Old Russian Icons
The Theotokos of Vladimir



Before entering the world of Russian iconography, we need to consider one icon that stands as a symbolic link between the Byzantine and Russian cultures. This icon is the Theotokos of Vladimir, perhaps the most venerated icon in Russia. The Greek word "Theotokos" can be translated into English as "Mother of God" or "God-bearer." This title of the Mother of Jesus was adopted by the Christian Church at the Third Ecumenical Council of Ephesus in 431.

The icon was presented to Russian Grand Prince Yuri Dolgoruky by the Patriarch of Constantinople about 1132. In 1156 Yuri's son, Prince Andrey Bogolyubsky, brought the icon from Kiev to Bogolyubovo, his estate near the town of Vladimir. In 1167 it was installed in the Dormition Cathedral in Vladimir. Ever since the icon has been called "Vladimirskaya Bogomater", which is the Russian for "the Theotokos of Vladimir."

The icon was brought to Moscow in 1395 to protect the city from the advancing hordes of the Turkic conqueror Khan Tamerlane.
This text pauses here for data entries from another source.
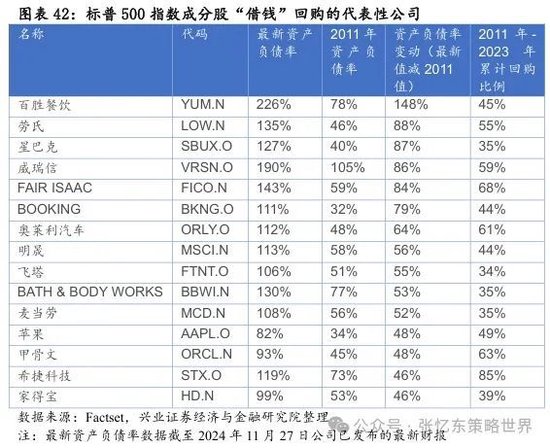 兴业证券张忆东：革新“巳”火，2025年投资展望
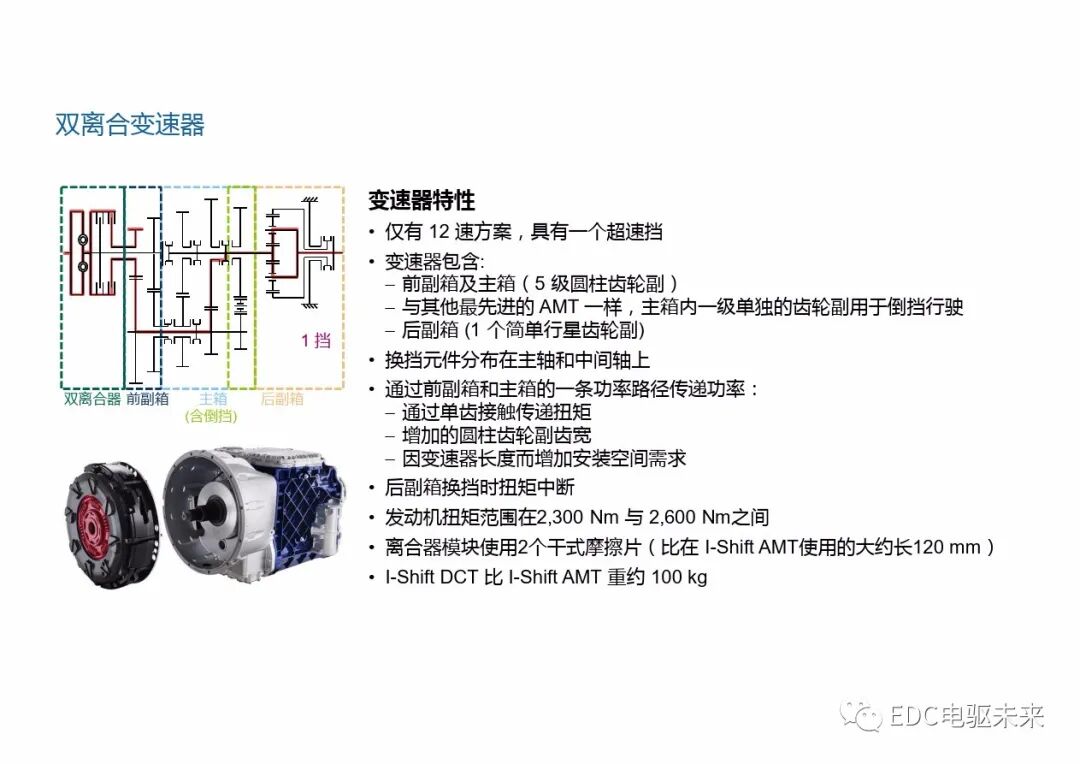 重型商用車自動變速器的新發展的圖10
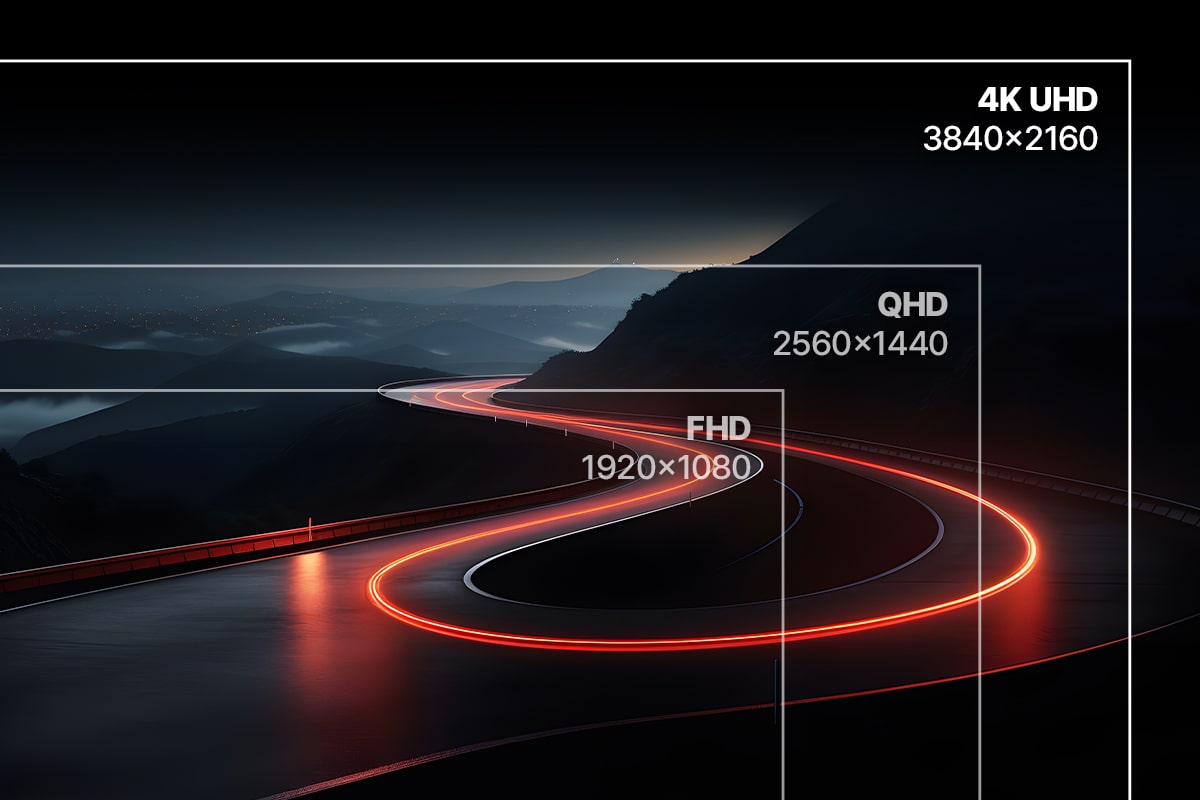 4K UHD at the front, noticeably sharper than QHD and FHD dash cams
The Muscovites prayed to the Mother of God and were delivered from the threat. Tamerlane's army pillaged parts of the Ryzan principality, south of Moscow, and then suddenly left Russian lands.

Muscovite chronicles also report that in 1480 the icon turned away the army of the Mongol Khan Akhmet during his bloodless confrontation with the army of Ivan III on the Ugra river, thus putting an end to the Mongol Yoke in Russia.

In 1591 the army of Crimean Khan Kazy Girei approached Moscow but unexpectedly turned back without engaging into a major battle. This deliverance was also attributed to the patronage of the Theotokos.

For several centuries the icon was kept in the Dormition Cathedral of the Moscow Kremlin. During the Soviet era, it was on display at the State Tretyakov Gallery in Moscow, Russia. In 1999 the icon was installed in the Church of St. Nicholas in Tolmachy, adjacent to the Tretyakov Gallery.